• [What needs to be done]:
Among the entries below, only the lines starting at the one with "[롯데백화점]리스트 슬리브리스 라운드넥 블라우스 (TWWBLP62020)" and ending at the one with "01 23x28 黑色画框(带有机玻璃)", both included, are to be printed exactly.

• [Provided entries]:
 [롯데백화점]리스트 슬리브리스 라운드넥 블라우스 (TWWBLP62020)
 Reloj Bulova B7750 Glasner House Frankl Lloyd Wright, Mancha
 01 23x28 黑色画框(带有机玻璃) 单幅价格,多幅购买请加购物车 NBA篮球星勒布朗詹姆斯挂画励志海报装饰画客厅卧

--

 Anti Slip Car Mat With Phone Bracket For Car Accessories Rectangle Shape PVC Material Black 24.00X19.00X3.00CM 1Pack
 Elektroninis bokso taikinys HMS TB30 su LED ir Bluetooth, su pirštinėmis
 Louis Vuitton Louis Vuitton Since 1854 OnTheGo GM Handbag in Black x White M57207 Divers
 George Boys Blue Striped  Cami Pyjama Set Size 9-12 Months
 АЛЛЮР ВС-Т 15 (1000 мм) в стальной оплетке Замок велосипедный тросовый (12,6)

--

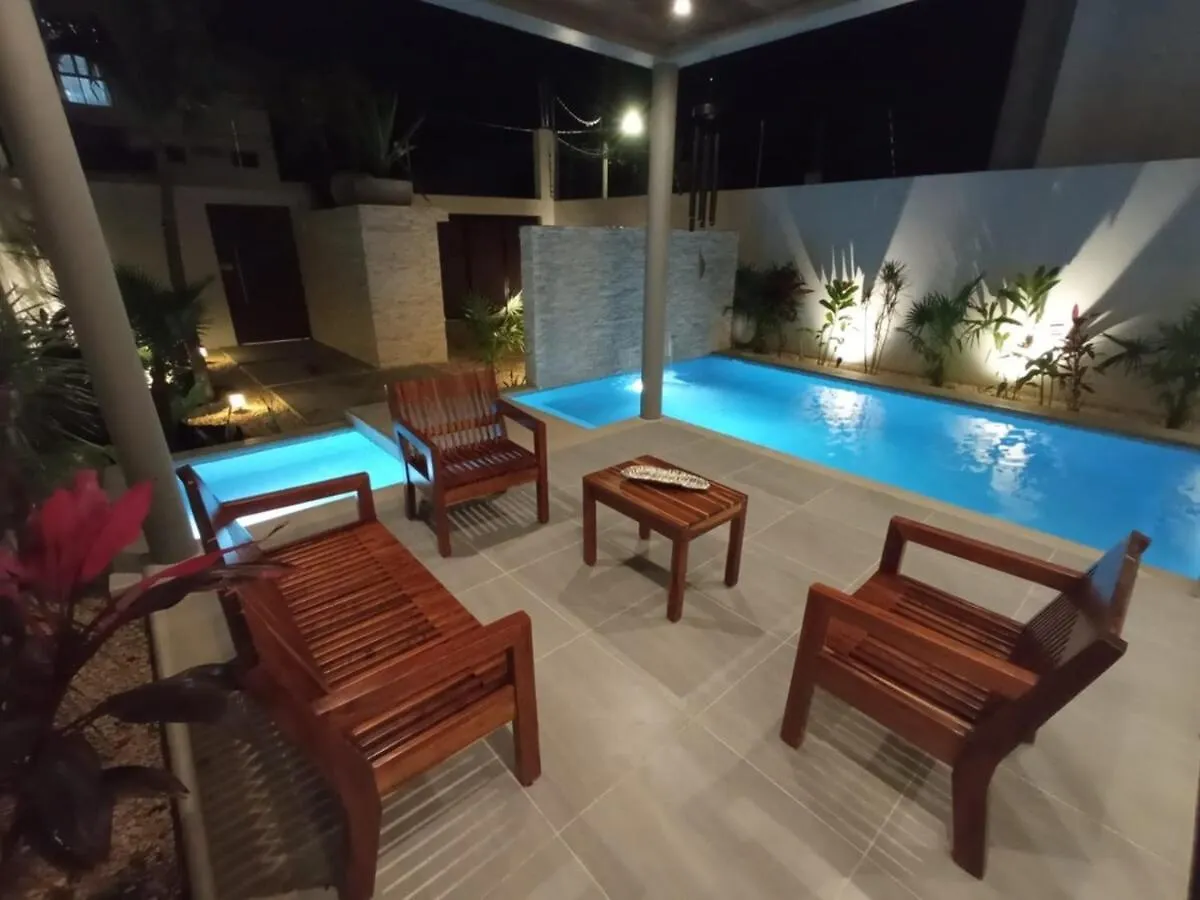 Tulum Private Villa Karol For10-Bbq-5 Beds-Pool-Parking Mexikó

• [Solution]:
 [롯데백화점]리스트 슬리브리스 라운드넥 블라우스 (TWWBLP62020)
 Reloj Bulova B7750 Glasner House Frankl Lloyd Wright, Mancha
 01 23x28 黑色画框(带有机玻璃) 单幅价格,多幅购买请加购物车 NBA篮球星勒布朗詹姆斯挂画励志海报装饰画客厅卧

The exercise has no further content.